Thursday, August 25, 2011

Vertigo

Hitchcock's Vertigo is one of the cleverest, most intriguing movies I've ever seen with really unanticipated reversals in the course of the film. The first half is supernatural thriller (I had to watch the movie in a small window on my laptop so that I wouldn't get too scared); I would say that the whole thing is a psychological thriller. Scottie (Jimmy Stewert) is a police detective who quits the force after he suddenly gets vertigo while chasing a criminal across some rooftops. An old friend, Gavin Elster, asks Scottie to follow his wife, as he maintains that she is being possessed by the spirit of her great-grandmother, Carlotta Valdes, who killed herself at 26 years old, after her lover left her and took their child. Scottie applies his detective's mind to the supernatural mystery and tries to help Elster's wife, Madeleine, falling in love in with her in the process. He takes Madeleine to a mission that she describes, where she climbs up the steps to the tower and throws herself off. Because of his vertigo, he's unable to stop her.

In addition to Madeleine, Scottie's love interest, there's another woman in the film: Midge. Midge is Scottie's ex-fiance (Scottie says that Midge dumped him in college). Midge is very much the friend--she's a glasses-wearing career woman (when she draws herself as Carlotta in a big gown, her no nonsense haircut and glasses look entirely anachronistic). Her career drawing brassieres only draws more attention to her lack of sexuality--and the brassieres she draws are very modern--one works on the principle of cantilevers, as she tells Scottie. Here we see a contrast between modernity and an imagined romantic past, signified by Midge and Madeleine, by friendship and romantic love.

This sounds like the whole movie, but it's just the first half!
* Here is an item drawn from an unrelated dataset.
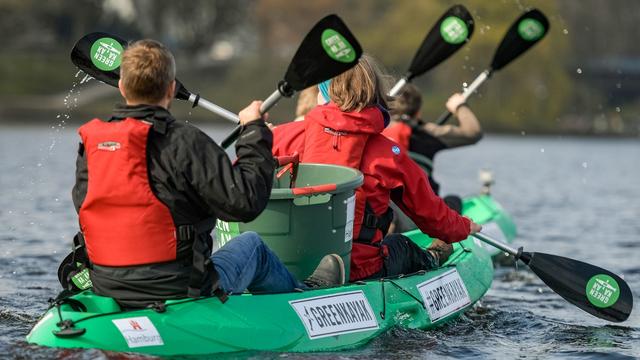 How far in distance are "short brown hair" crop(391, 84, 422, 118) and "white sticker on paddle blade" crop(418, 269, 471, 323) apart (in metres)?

In the second half, Scottie meets a woman, Judy, who reminds him of Madeleine. They begin to date, and he tries to reform her in Madeleine's image. The film ends back at the same mission where Madeleine died, with a nun startling Judy, who falls from the tower.
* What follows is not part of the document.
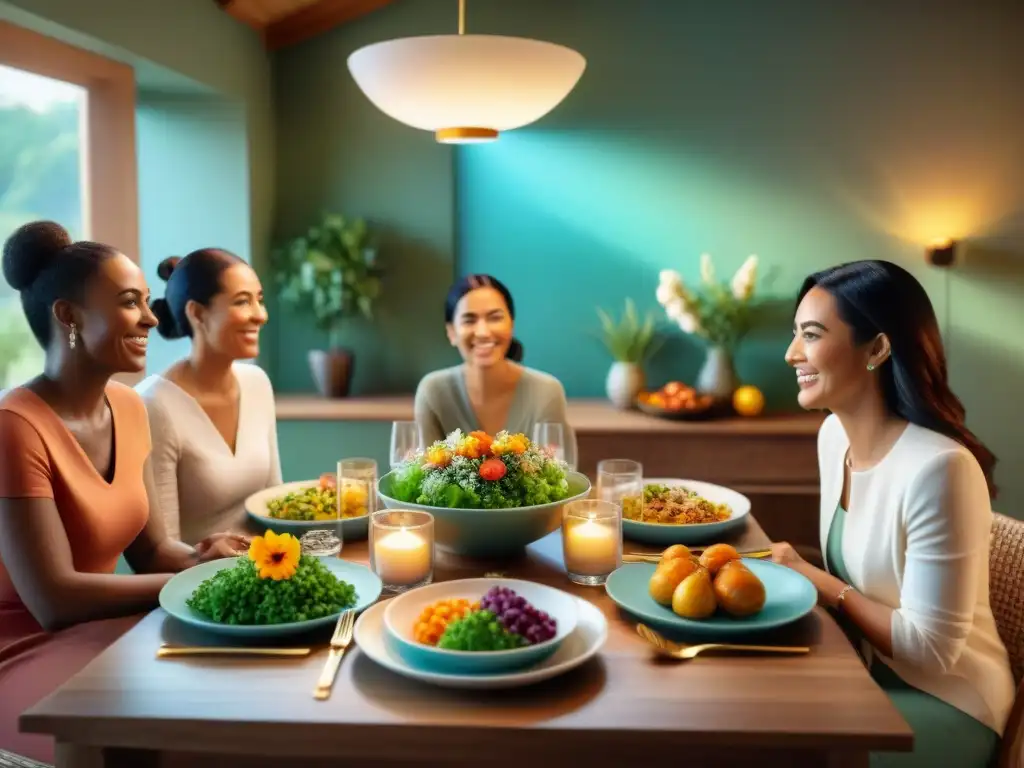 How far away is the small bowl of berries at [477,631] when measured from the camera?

The film asks us to consider the relationship between play acting and reality. Judy plays Madeleine for Scottie. Scottie forces her to dress and dye her hair like Madeleine. Because Judy loves him, she does this. Instead of loving the woman in front of him, Scottie attempts to change Judy. Scottie is possessed by Madeleine in the same way that Madeleine was possessed by Carlotta. Not till the end of the film, is he free of Madeleine and Judy and Carlotta's power over him, and, at the same time, of his vertigo. He is ever the detective--continually compelled to seek the truth in the midst of myths. He seeks order. To help him find order, twice he attempts to recreate the past--and twice, this attempt to recreate the past at the mission leads to tragedy.
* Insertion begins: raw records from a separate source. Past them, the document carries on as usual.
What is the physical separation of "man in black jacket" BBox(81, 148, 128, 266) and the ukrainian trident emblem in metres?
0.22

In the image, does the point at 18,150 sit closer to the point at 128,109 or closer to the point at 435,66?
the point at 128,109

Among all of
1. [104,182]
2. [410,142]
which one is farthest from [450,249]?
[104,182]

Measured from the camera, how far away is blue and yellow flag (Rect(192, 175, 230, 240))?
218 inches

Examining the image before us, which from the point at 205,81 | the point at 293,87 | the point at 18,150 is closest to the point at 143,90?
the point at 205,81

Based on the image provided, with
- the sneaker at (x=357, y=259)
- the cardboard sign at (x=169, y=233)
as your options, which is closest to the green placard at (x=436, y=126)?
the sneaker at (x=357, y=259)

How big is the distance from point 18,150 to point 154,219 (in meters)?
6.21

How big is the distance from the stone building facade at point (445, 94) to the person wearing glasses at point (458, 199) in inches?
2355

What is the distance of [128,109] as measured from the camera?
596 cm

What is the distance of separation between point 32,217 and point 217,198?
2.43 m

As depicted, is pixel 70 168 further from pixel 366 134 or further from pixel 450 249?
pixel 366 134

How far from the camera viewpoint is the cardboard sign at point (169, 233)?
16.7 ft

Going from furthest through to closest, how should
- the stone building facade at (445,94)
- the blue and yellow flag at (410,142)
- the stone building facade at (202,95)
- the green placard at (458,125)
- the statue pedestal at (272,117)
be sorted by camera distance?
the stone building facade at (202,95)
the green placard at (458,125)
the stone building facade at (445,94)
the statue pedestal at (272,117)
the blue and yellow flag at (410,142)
Scottie's search for order and truth is accompanied by a search for freedom, a search that we see from the beginning of the film when he looks forward to getting a corset off (which he needed due to his accident on the roof): "I shall be a free man. I shall wiggle my behind ... free and unconfined" (I am quoting from a draft of the screenplay found here).

At one point, Scottie says, "There's an answer for everything." This sums up his almost scientific approach to detective work. It's sort of ironic--there is an answer to Madeleine's problems; in fact, there's a non-supernatural answer. On the other hand, it is Scottie's drive to find an answer to absolutely everything that results in Judy's accidental death--there isn't an answer for that! Scottie's scientific approach is shown throughout the film--he wants to overcome his vertigo himself, step by step on a stepladder. He wills himself up the steps at the end of the film. Midge visits him when he's in the hospital after Madeleine's death--she tells the doctor that Mozart won't fix him. His first response to Gavin's story about his wife's possession is that she should be taken to a doctor and so should he for believing it. The question of the relationship of science to the supernatural is repeated throughout the movie. At one point Gavin calls Scottie a cold Scot. The fact of the matter is that Scottie softens to the possibility of supernatural involvement. And yet, it seems his desire for order doesn't soften enough.

The setting in San Francisco is also interesting. Both Gavin and Scottie long for a San Francisco that is now gone. Gavin describes Madeleine as fascinated by San Francisco--as exploring it with great wonder until it possessed her. Pop Leibel, who knows lots about San Francisco history, describes the myth of Carlotta, who was originally from a small mission settlement south of the city. A man, Ives, takes her and builds her a grand house, and they have a child:

He kept the child and threw her away. Men could do that in those days. They had the power ... and the freedom. And she became the Sad Carlotta.

Here we see commentary on the corrupting power of the city. Both Madeleine and Carlotta were previously innocent, but the evil of the city corrupted them. And it is the old San Francisco that attracts both Scottie and Elster.



Something that must be mentioned: Vertigo plays a lot with color. Red for Scottie; green for Madeleine/Judy. This translates into some pretty great green dresses/suits in the course of the film!